Fridrik Erlings was born in Reykjavik in 1962. As a writer, screenwriter, graphic designer and musician, he has proved himself as one of the most famous and accomplished Icelanders of his generation. In 1986 he founded the alternative rock band The Sugarcubes with Einar Orn Benediktsson and Bjork before leaving music to pursue writing. Fridrik has written and translated numerous lyrics, written scripts for film and television as well as biographies and fictional work for people of all ages. Fridrik worked on a screenplay for the first feature length 3D-animation film made in Iceland as well as lecturing screenwriting at The Icelandic Film School.

Fridrik's books for young people include Benjamin Dove (1992), Fish in the Sky (1998) and Lesser Brethen (2000), which look at the transition between childhood and adulthood, approaching the complexity of moral choices in society, without offering simple solutions.
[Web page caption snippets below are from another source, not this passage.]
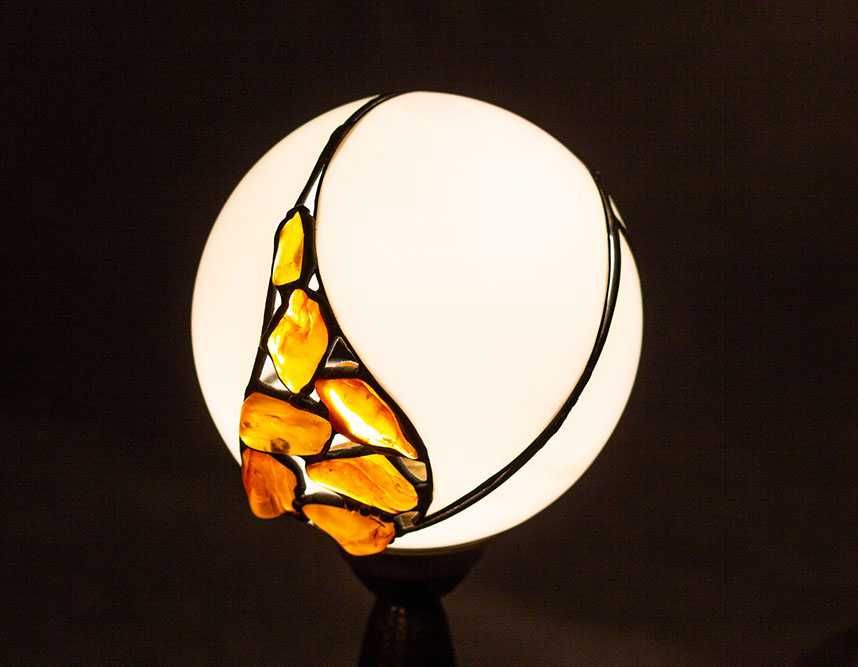 Lampa nocna z bursztynem w stylu Tiffany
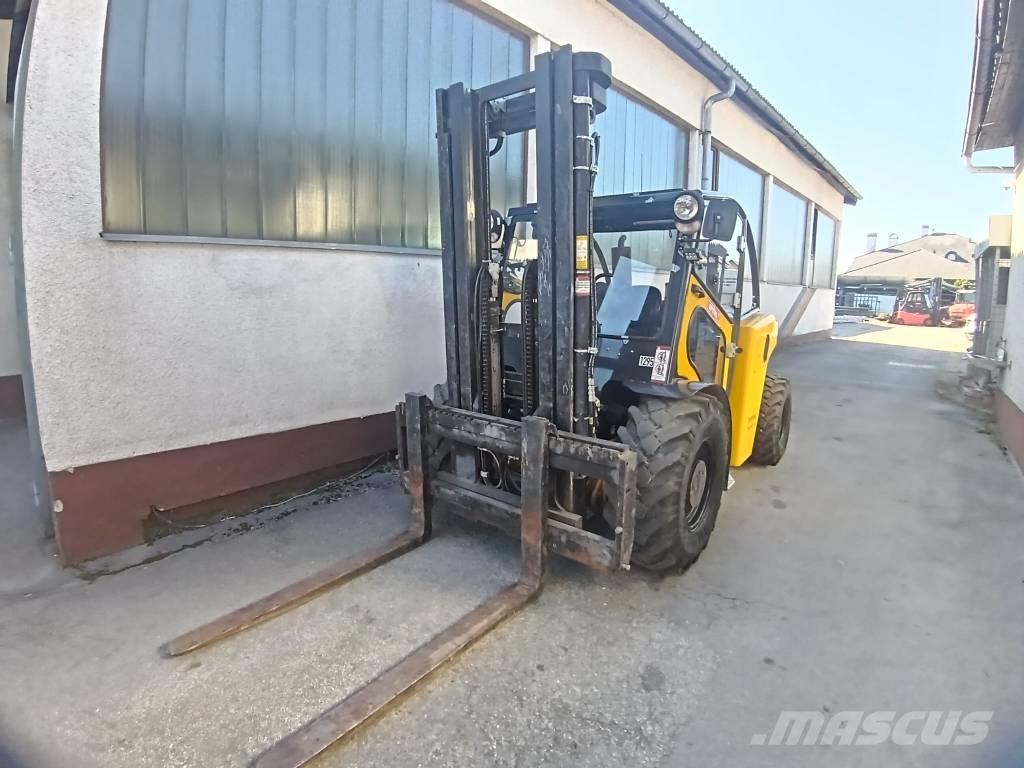 Bomaq B50 MP 4WD Дизельні навантажувачі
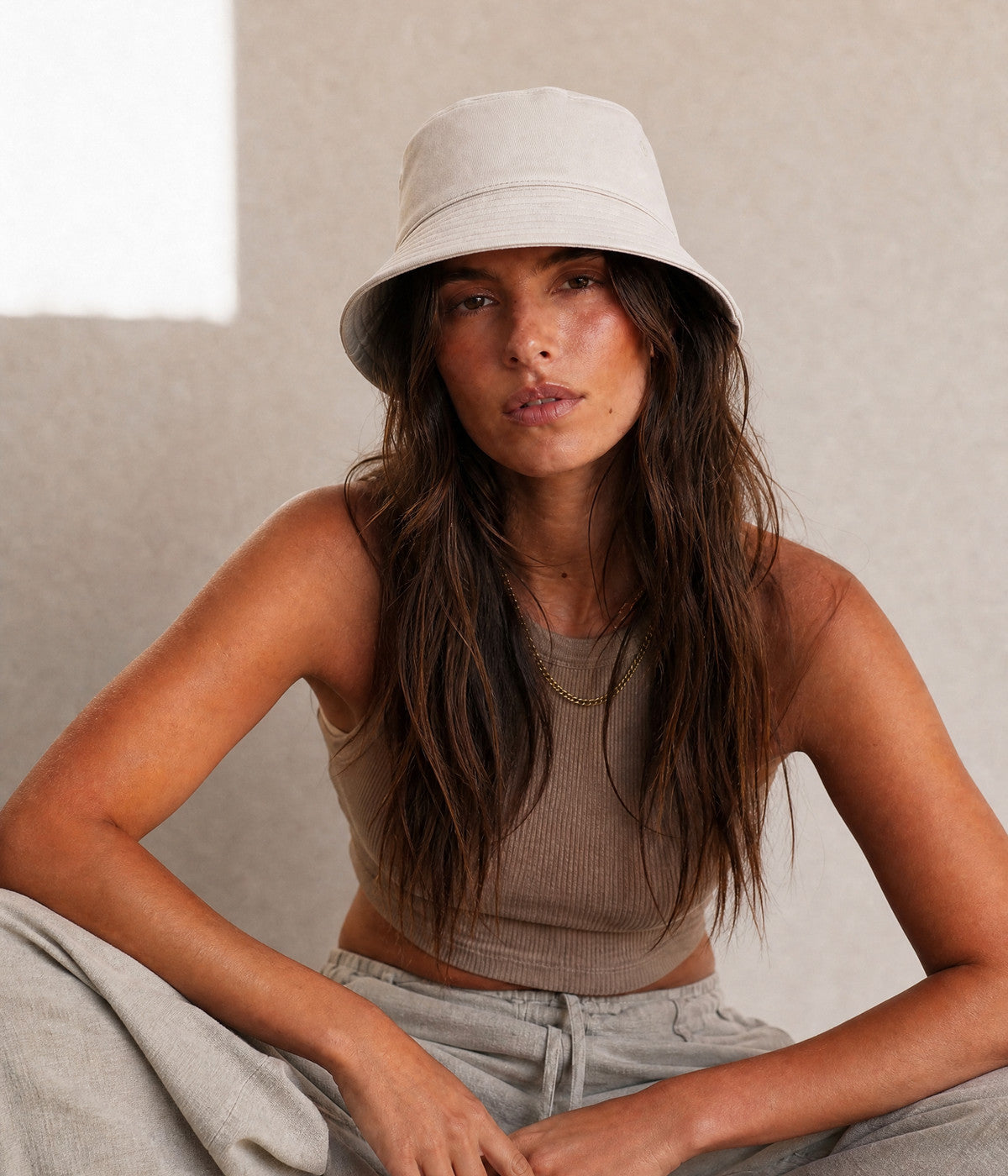 WASHED COTTON BUCKET.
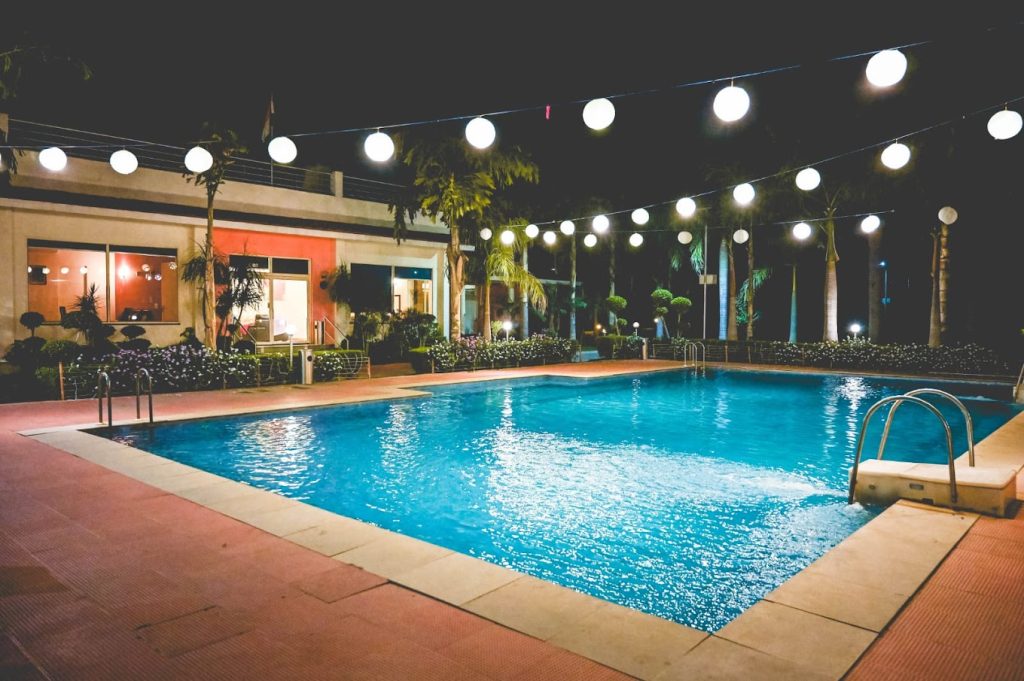 farmhouse with swimming pool on rent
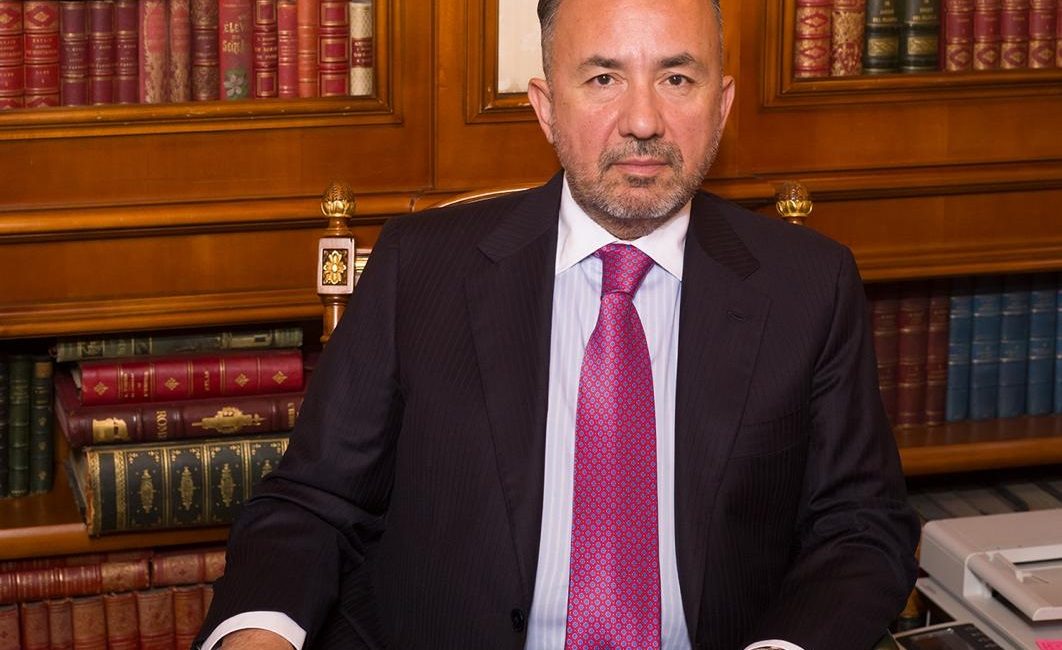 Dragoş Dobrescu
Benjamin Dove is a coming-of-age story, which, since publication, has been translated into seven languages. It has also been made into a feature film (1995), which won awards at eight international film festivals. Benjamin Dove was translated into English by Anne Cecilia Benassi and published by Meadowside Children's Books in 2005, marking the beginning of Erlings' place in the cannon of English-language children's literature. Subsequently, in 2008, Meadowside also published Fish in the Sky, which was translated by Fridrik himself. Fish in the Sky is a powerful piece of literature, which endeavours to explore the juxtaposition of the teenage condition. Fridrik is currently translating Lesser Brethren, to be published by Meadowside in August 2010.

Fridrik lives in Eytarbakki, a small C19th village on the south coast of Iceland, where the ocean and the sky rule to magical effect; an earthly setting as close as possible to a writers' heaven.